RECORD SET:
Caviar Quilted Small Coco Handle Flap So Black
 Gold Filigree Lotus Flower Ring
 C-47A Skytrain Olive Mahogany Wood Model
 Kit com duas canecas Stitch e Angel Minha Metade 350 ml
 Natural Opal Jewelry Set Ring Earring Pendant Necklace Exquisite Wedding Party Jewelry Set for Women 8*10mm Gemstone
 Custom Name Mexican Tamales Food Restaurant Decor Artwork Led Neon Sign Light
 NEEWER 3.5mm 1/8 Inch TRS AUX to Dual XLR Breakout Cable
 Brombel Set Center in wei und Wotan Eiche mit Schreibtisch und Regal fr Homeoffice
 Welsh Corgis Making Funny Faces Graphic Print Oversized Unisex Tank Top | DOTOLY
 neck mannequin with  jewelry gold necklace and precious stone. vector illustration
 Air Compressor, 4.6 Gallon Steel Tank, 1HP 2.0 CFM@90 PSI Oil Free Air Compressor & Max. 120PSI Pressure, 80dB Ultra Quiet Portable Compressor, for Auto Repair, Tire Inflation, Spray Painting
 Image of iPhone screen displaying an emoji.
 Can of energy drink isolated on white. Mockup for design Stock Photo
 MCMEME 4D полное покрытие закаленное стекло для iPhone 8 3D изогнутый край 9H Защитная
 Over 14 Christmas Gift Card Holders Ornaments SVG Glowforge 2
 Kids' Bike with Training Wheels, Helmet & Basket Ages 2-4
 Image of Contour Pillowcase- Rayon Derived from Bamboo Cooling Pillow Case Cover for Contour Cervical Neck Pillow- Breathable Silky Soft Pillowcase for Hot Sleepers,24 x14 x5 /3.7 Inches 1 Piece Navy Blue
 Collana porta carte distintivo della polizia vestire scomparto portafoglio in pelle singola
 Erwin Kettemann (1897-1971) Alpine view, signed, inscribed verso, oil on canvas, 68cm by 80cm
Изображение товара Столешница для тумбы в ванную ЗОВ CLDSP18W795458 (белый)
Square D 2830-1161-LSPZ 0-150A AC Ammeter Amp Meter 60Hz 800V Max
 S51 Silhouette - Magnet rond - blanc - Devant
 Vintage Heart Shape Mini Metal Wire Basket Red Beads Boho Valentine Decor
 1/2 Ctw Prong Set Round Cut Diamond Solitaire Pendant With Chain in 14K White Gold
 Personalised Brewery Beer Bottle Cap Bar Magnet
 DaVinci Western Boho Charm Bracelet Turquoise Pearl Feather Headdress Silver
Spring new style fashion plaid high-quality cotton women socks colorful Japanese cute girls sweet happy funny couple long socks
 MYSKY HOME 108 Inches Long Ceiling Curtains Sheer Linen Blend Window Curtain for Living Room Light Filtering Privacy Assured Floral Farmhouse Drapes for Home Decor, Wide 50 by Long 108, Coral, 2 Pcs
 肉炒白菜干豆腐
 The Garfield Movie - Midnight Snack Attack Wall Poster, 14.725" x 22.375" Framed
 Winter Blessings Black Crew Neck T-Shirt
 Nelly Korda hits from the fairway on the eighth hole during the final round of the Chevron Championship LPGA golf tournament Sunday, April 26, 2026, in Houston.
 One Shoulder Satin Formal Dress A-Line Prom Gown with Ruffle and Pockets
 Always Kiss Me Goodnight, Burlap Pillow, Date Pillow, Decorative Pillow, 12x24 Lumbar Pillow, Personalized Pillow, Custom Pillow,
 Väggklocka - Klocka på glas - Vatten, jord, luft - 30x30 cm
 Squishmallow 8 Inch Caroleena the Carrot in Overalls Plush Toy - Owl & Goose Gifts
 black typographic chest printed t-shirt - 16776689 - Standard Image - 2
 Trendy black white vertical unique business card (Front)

ASSIGNED TASK:
What you return should be exactly the lines above, starting at the one with "Image of Contour" and ending at the one with "1/2 Ctw Prong", and nothing else.

RESULT:
 Image of Contour Pillowcase- Rayon Derived from Bamboo Cooling Pillow Case Cover for Contour Cervical Neck Pillow- Breathable Silky Soft Pillowcase for Hot Sleepers,24 x14 x5 /3.7 Inches 1 Piece Navy Blue
 Collana porta carte distintivo della polizia vestire scomparto portafoglio in pelle singola
 Erwin Kettemann (1897-1971) Alpine view, signed, inscribed verso, oil on canvas, 68cm by 80cm
Изображение товара Столешница для тумбы в ванную ЗОВ CLDSP18W795458 (белый)
Square D 2830-1161-LSPZ 0-150A AC Ammeter Amp Meter 60Hz 800V Max
 S51 Silhouette - Magnet rond - blanc - Devant
 Vintage Heart Shape Mini Metal Wire Basket Red Beads Boho Valentine Decor
 1/2 Ctw Prong Set Round Cut Diamond Solitaire Pendant With Chain in 14K White Gold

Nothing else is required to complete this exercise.